This work systematically compares relational deep learning (RDL/GNN) and deep feature synthesis (DFS) on predictive tasks over relational databases, finding that neither dominates uniformly and performance is highly task-dependent. The authors propose Relatron — a task-embedding-based meta-selector that leverages RDB task homophily and affinity embeddings for automatic architecture selection, achieving up to 18.5% improvement in joint architecture–hyperparameter search.

Background & Motivation

Background: Predictive modeling over relational databases (RDB) follows two main paradigms: DFS (programmatically composing aggregation primitives to generate feature tables, then applying a tabular learner) and RDL (end-to-end training of GNNs on heterogeneous entity–relation graphs). Both outperform relation-agnostic baselines.

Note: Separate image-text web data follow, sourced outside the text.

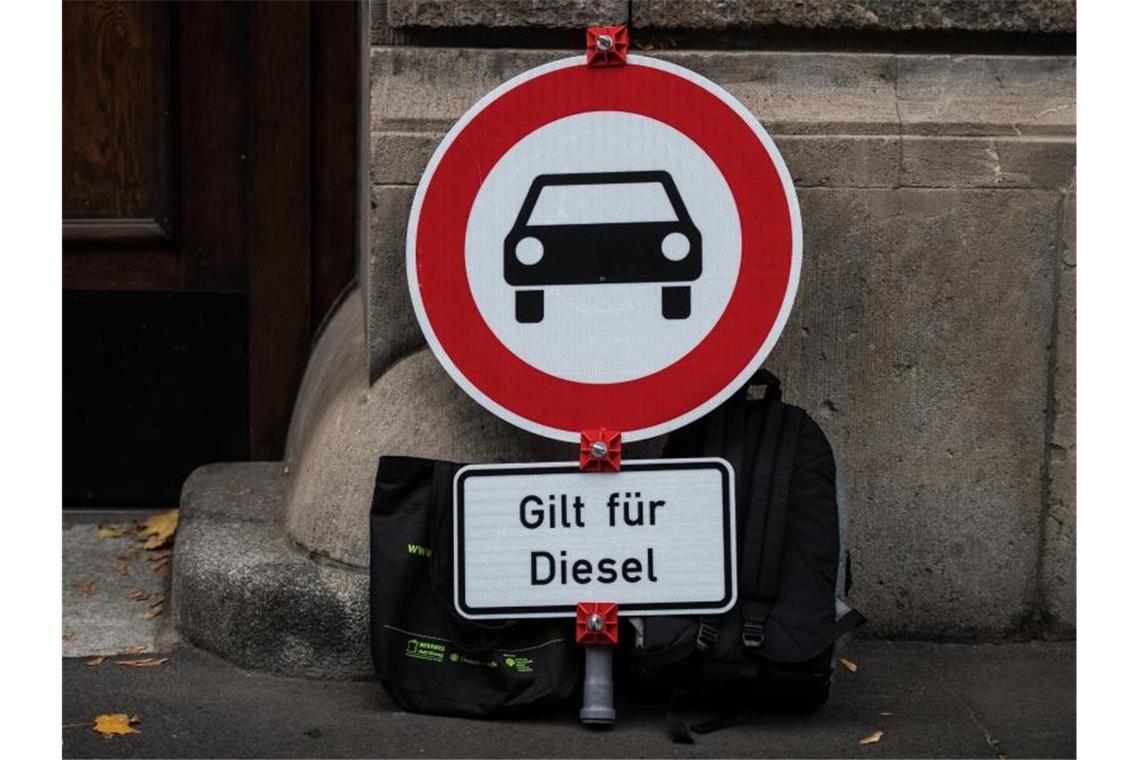 Ein Verkehrsschild "Verbot für Kraftfahrzeuge" mit dem Zusatz "Gilt für Diesel". Foto: Andreas Arnold/dpa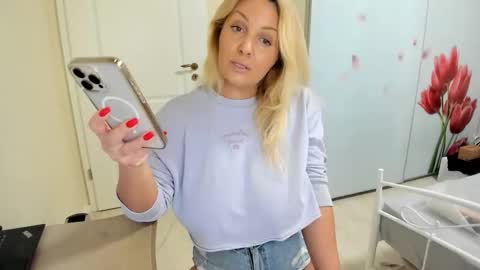 Snapshot of tiffany0 chatting on 02-12-26, 06:14 Tiffany your girl next door online show from 02-12-26, 06:14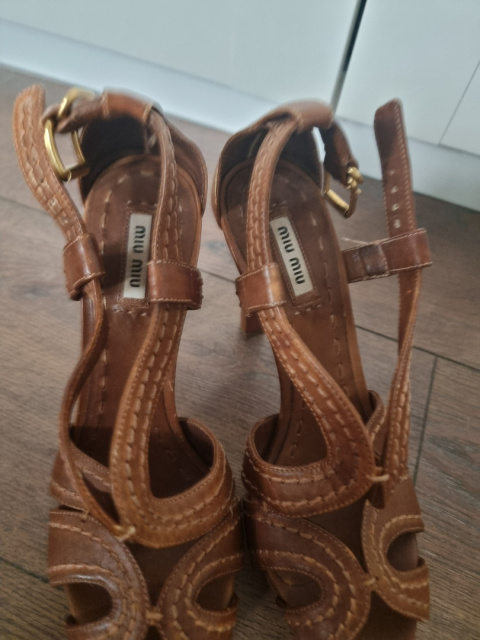 Brown Miu Miu sandals, size 39 Brown Miu Miu sandals, size 39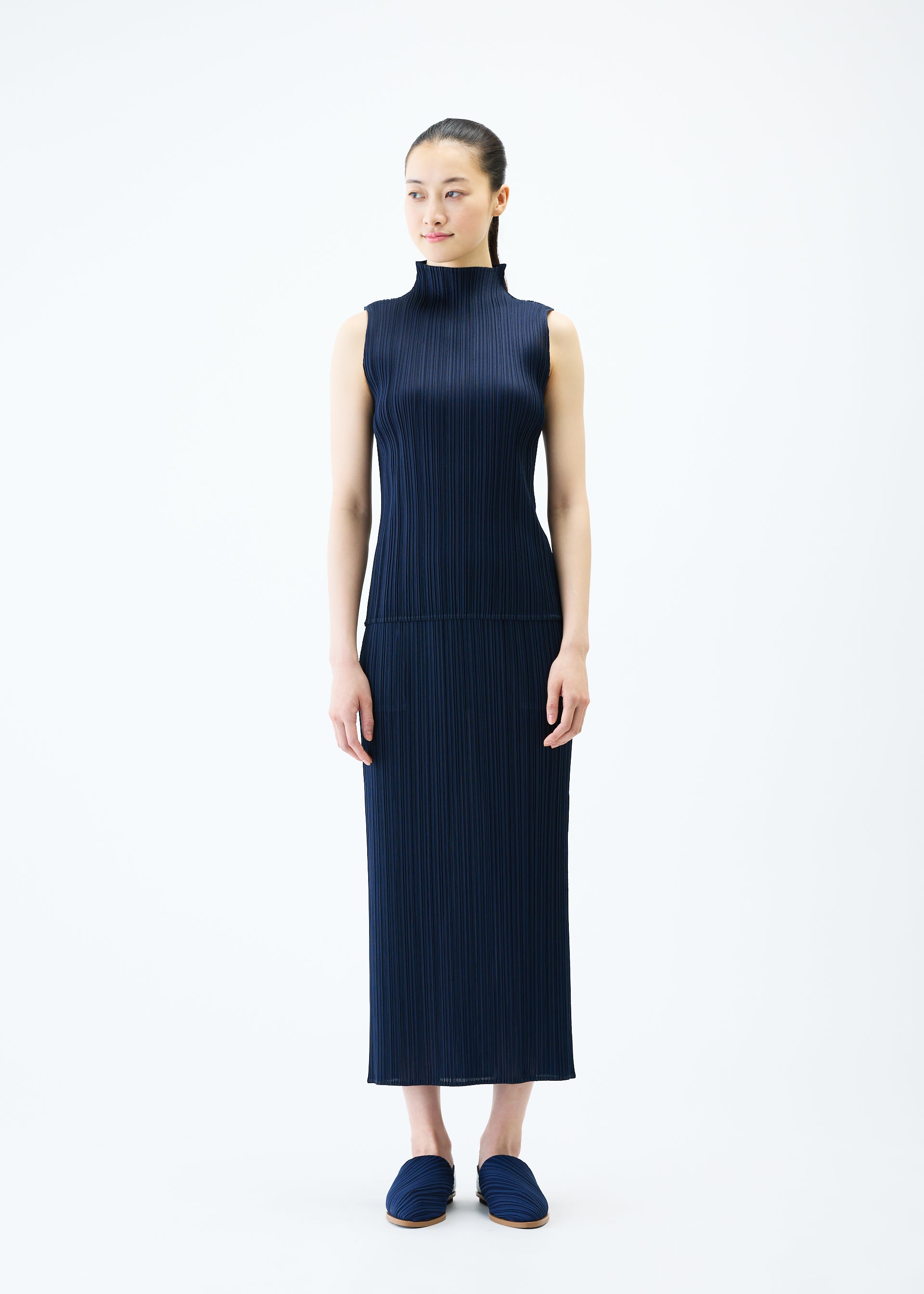 PLEATS PLEASE ISSEY MIYAKE – isseymiyake.com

Limitations of Prior Work: It remains entirely unknown which paradigm is superior in which setting. Practitioners lack principled guidance for choosing between DFS and RDL. Validation performance is often an unreliable proxy for model selection — more extensive search can actually lead to worse test performance (the "over-tuning" effect).

Key Challenge: (a) No single architecture dominates across all tasks; (b) there is a substantial gap between the configuration selected by validation and the test-optimal configuration, particularly when temporal splits introduce distribution shift.

Goal: Given an RDB task, automatically select between RDL and DFS and determine the specific architecture configuration.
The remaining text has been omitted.